May 24, 2024

What is Snowflake Cortex?

By Justin Delisi

Every day, businesses around the world collect more data. Through machine learning and artificial intelligence, we’ve seen how organizations can harness this information to make informed decisions and grow their businesses. However, utilizing these technologies efficiently and effectively can be challenging. That’s why Snowflake Data Cloud created Cortex, an AI service built directly in Snowflake that’s easy to use and understand.

In this blog, we’ll explain Cortex, how its features can be used with simple SQL, and how it can help you make better business decisions.

What is Snowflake Cortex?

Snowflake Cortex is an intelligent, fully-managed service within Snowflake that lets businesses leverage the power of machine learning (ML) and artificial intelligence (AI) directly on their data with minimal ML or AI knowledge. 
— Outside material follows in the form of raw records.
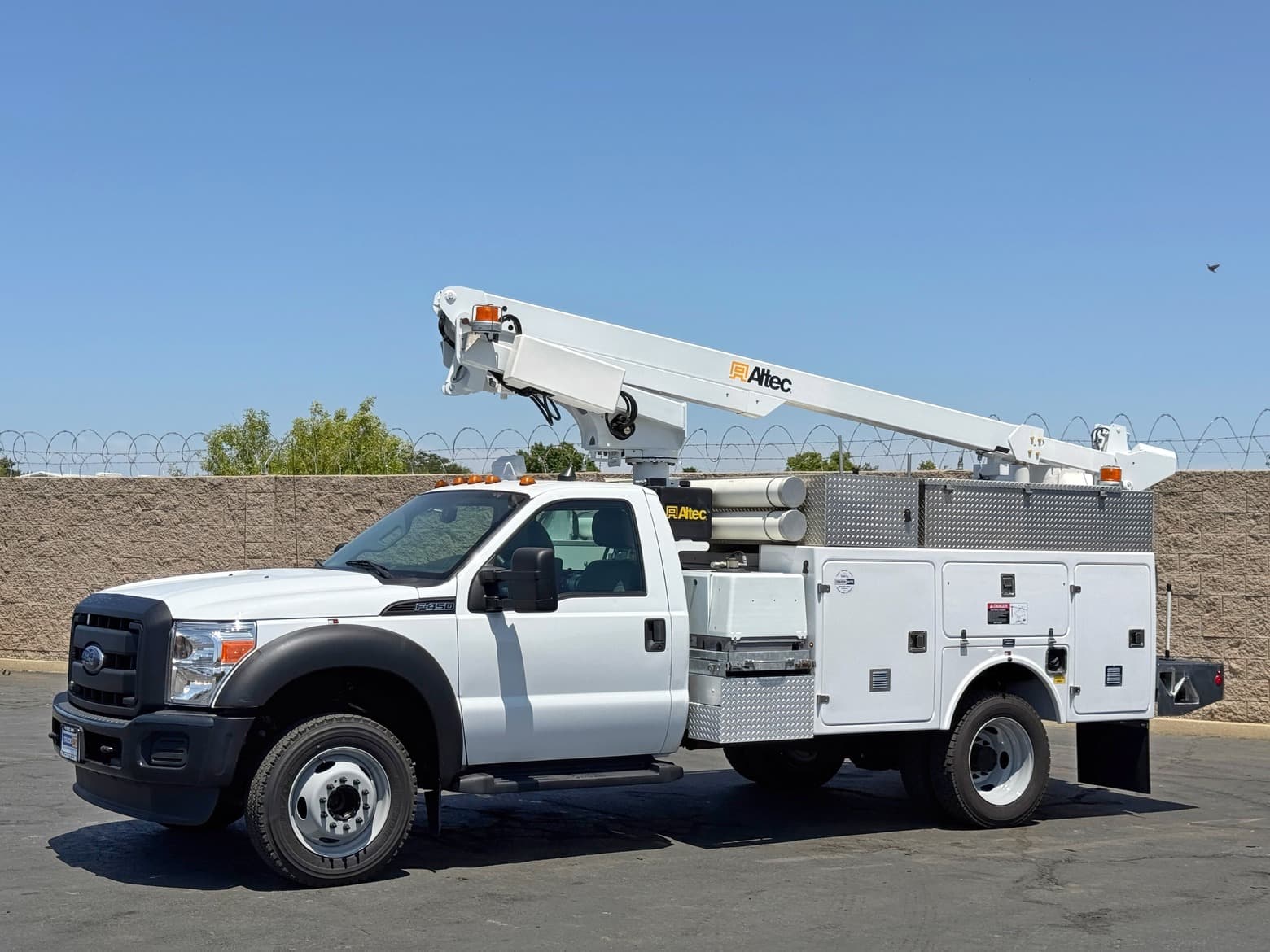 2012 Ford F450 Altec AT200A Articulating Bucket Truck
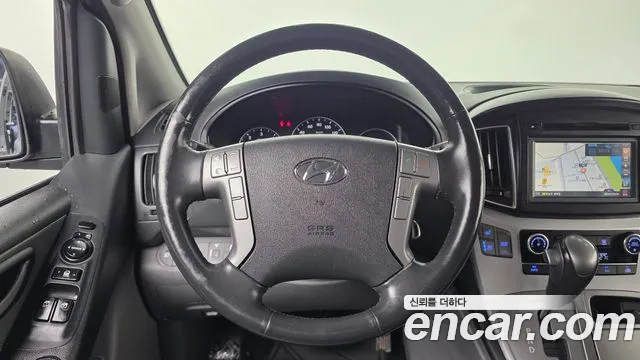 Hyundai Staria 2017 thumb 6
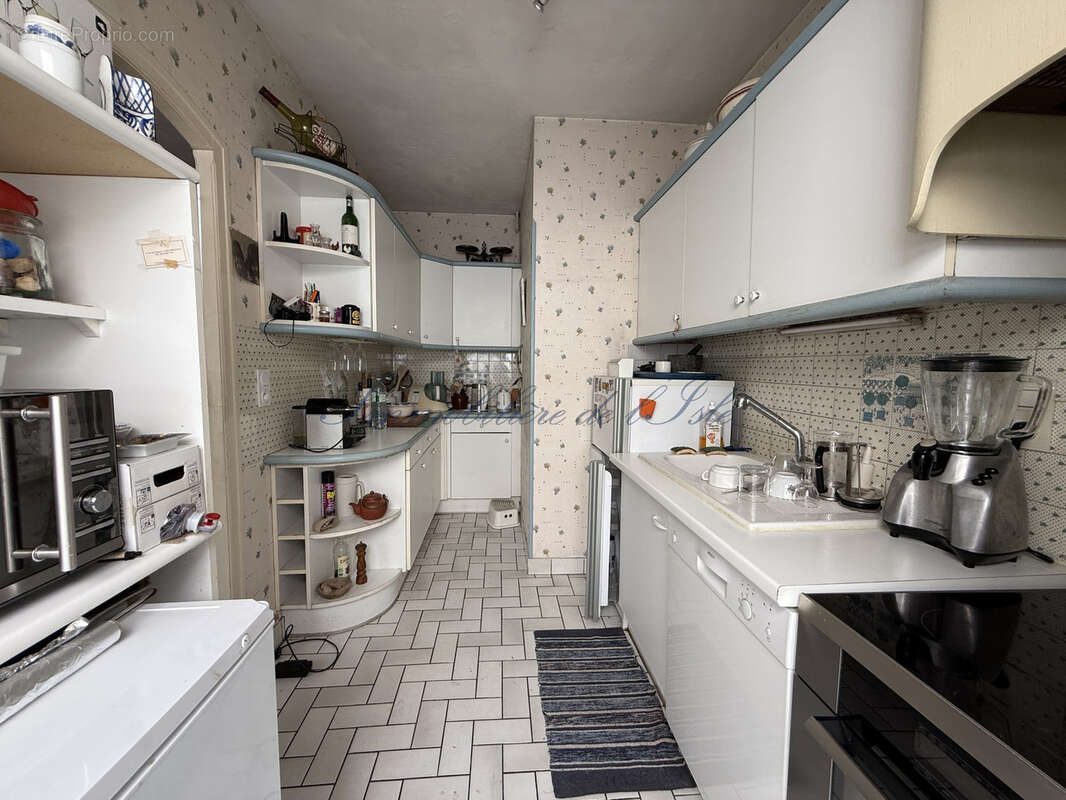Immeuble a créer ou maison de caractère - centre historique - photo 8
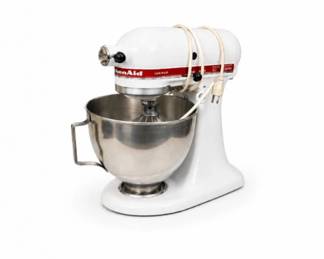 141 VintageKitchenAidK5SSStandMixer5QtWhiteBowl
Cortex offers pre-built ML functions for tasks like forecasting and anomaly detection and access to industry-leading large language models (LLMs) for working with unstructured text data. 

These functionalities are integrated directly within Snowflake and accessible through the SQL environment, making it extremely easy to gain insights and automate tasks without specialized programming expertise. 

LLM Functions

COMPLETE

COMPLETE simply takes in a prompt (and the model for the prompt to be used) from the user and outputs a response from the model, similarly to other LLMs. However, it is done all within SQL commands. Here is a simple example using the snowflake-arctic model:

EXTRACT_ANSWER

EXTRACT_ANSWER will answer a question based on a text document in plain English or as a string representation of JSON. 

				
					SELECT
    SNOWFLAKE.CORTEX.EXTRACT_ANSWER(
        blog_post,
        'Why does the author think Mace Windu is the best Star Wars character?')
FROM blogs LIMIT 5;
				
			

EMBED_TEXT_768

EMBED_TEXT_768 takes any unstructured data and creates an embedded vector from it. These vectors can then be compared with other applications for similarities. Again, a simple SQL command is used to create the vector:

SUMMARIZE

Another command that feels similar to chatting with other LLM chatbots is SUMMARIZE, which returns a summary of the given content.

				
					SELECT
    SNOWFLAKE.CORTEX.SUMMARIZE(blog_post)
FROM blogs LIMIT 10;
				
			

SENTIMENT

SENTIMENT returns a floating-point number between -1 and 1 based on the text, giving -1 for the most negative text, around 0 for neutral, and 1 for the most positive.

				
					SELECT
    SNOWFLAKE.CORTEX.SENTIMENT(blog_post)
FROM blogs LIMIT 10;
				
			

TRANSLATE

Lastly, TRANSLATE will translate text from one supported language to another. 

ML Functions

Forecasting

Using Cortex, you can train a model with time series data and receive predictions from the model in just a few short SQL commands. In order to produce a forecast, simply:

  • Prepare the data to have:

    • At least one target column that you want the model to make a prediction on

    • A timestamp column with a fixed frequency (daily, weekly, hourly, etc.)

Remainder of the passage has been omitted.